Exercise brief
The result should be an exact copy of the entries that follow, with no pictures included.

[Recorded data]
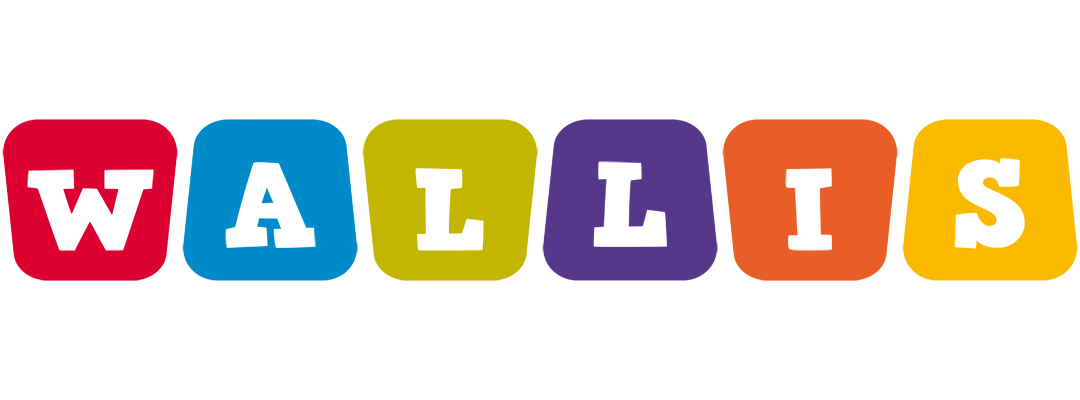 Wallis kiddo logo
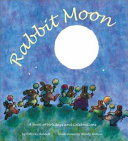 Rabbit Moon: A Book of Holidays and Celebrations cover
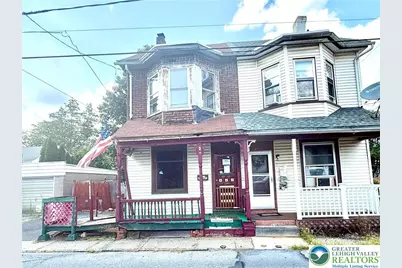 213 E Raspberry Street, Bethlehem City, PA 18018 - Photo 1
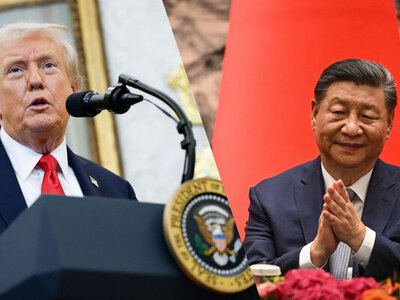 За пів року настане колапс: чому Китай та США бояться розпаду Росії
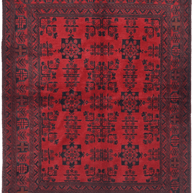 Khal Mohammadi Rug - 199 cm x 153 cm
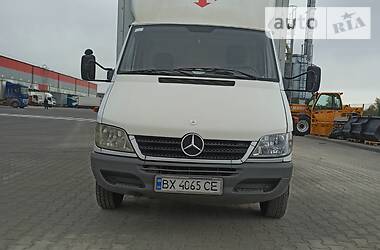 Mercedes-Benz Sprinter  2005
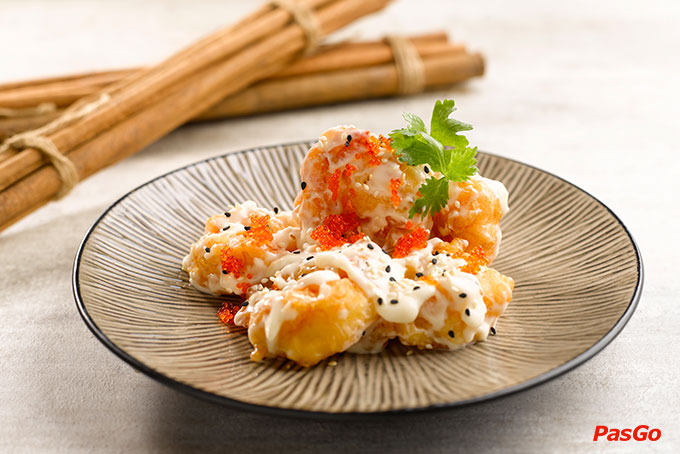 Crystal Jade Place - Tôn Đức Thắng-1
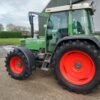 tracteur 34b Fendt 308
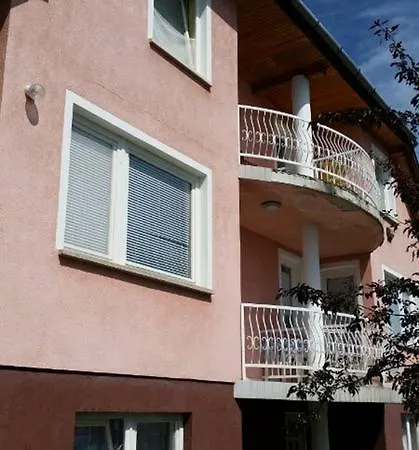 דירה Porat House *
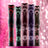 Essence Lash Princess Lash Effect Mascara Bordeaux Lash Princess , 12 ml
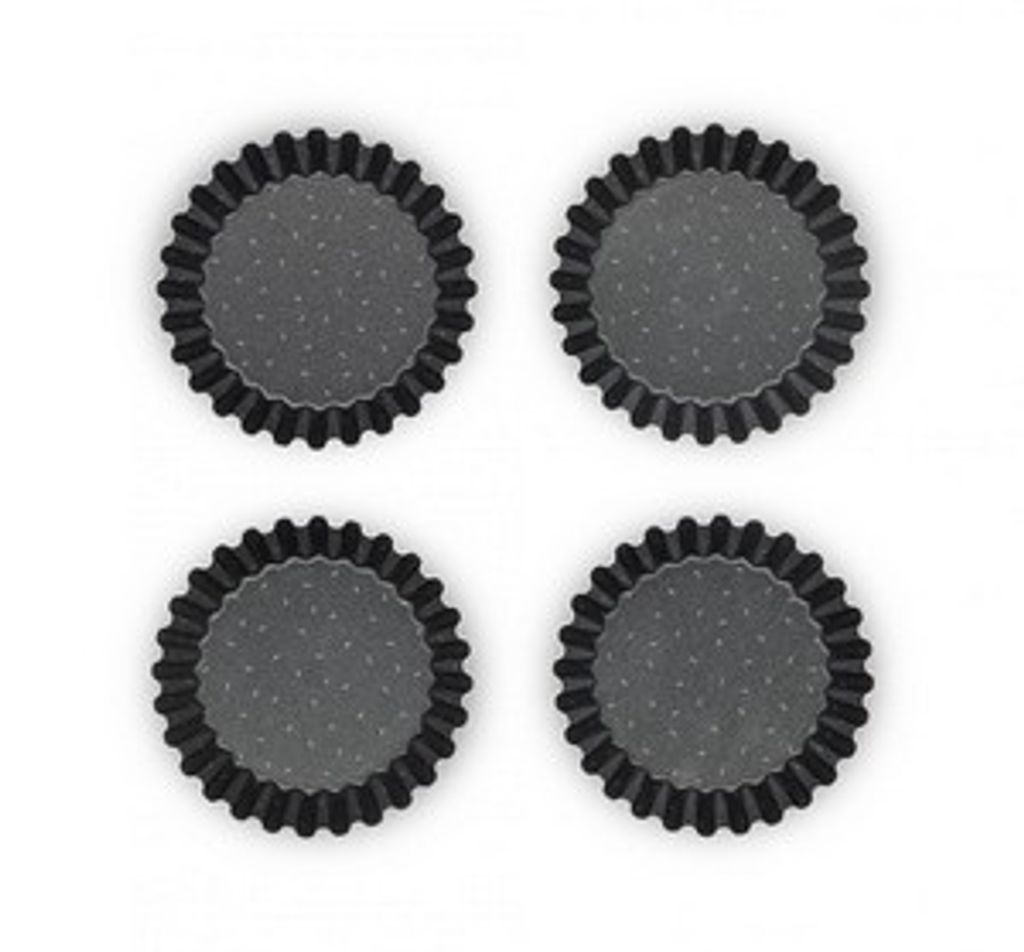 Tefal Success Jeu De 4 Tartelettes De 11 Image du produit 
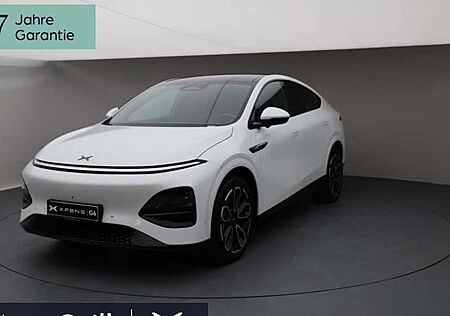 XPENG G6 BEV 80kWh AWD Performance 5 Türen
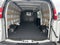2024 GMC Savana Cargo 2500 Work Van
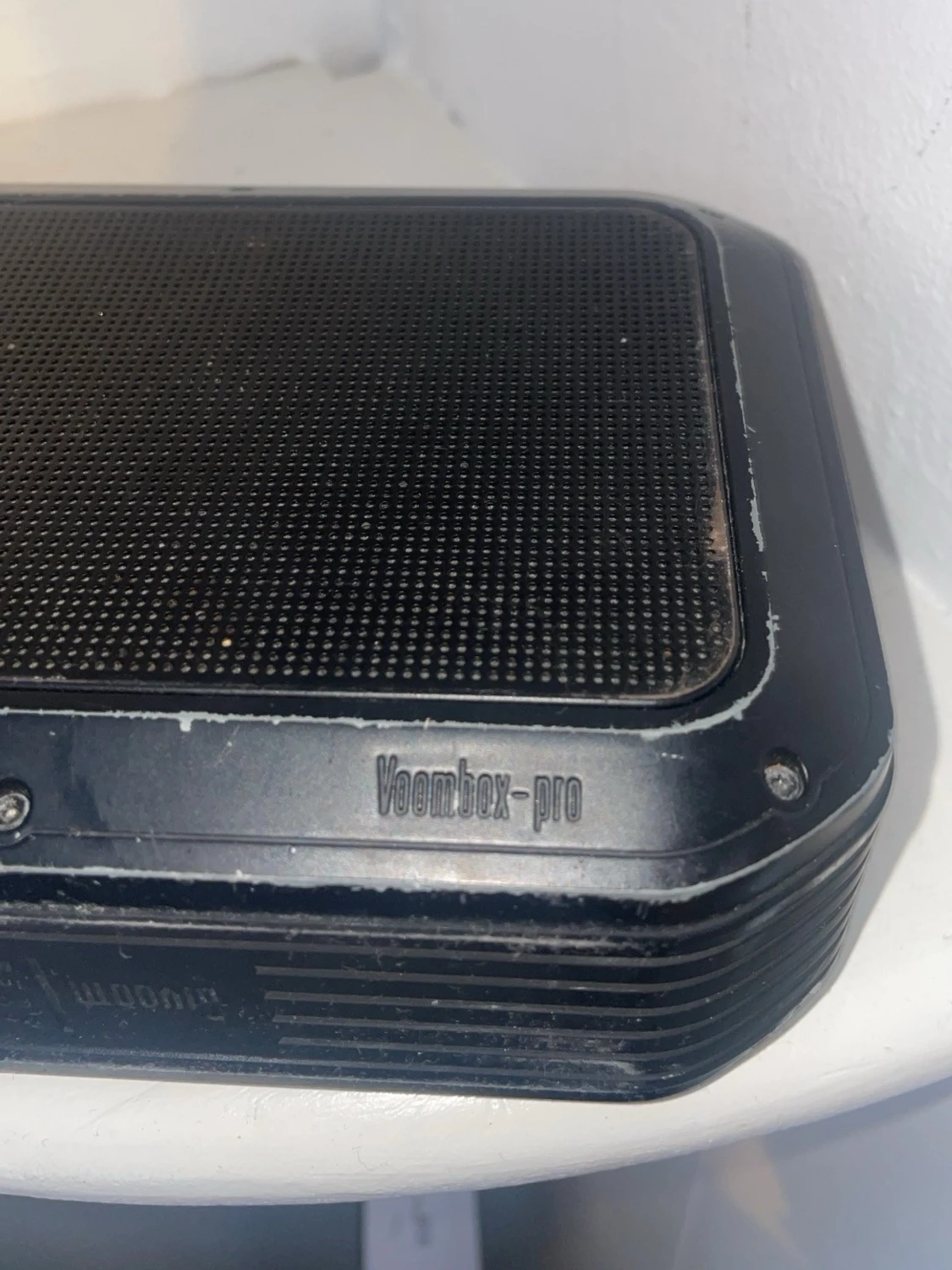 Divoom Voombox-Pro trådlös högtalare - 1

Written reply
 Wallis kiddo logo
 Rabbit Moon: A Book of Holidays and Celebrations cover
 213 E Raspberry Street, Bethlehem City, PA 18018 - Photo 1
 За пів року настане колапс: чому Китай та США бояться розпаду Росії
 Khal Mohammadi Rug - 199 cm x 153 cm
 Mercedes-Benz Sprinter  2005
 Crystal Jade Place - Tôn Đức Thắng-1
 tracteur 34b Fendt 308
 דירה Porat House *
 Essence Lash Princess Lash Effect Mascara Bordeaux Lash Princess , 12 ml
 Tefal Success Jeu De 4 Tartelettes De 11 Image du produit 
 XPENG G6 BEV 80kWh AWD Performance 5 Türen
2024 GMC Savana Cargo 2500 Work Van
 Divoom Voombox-Pro trådlös högtalare - 1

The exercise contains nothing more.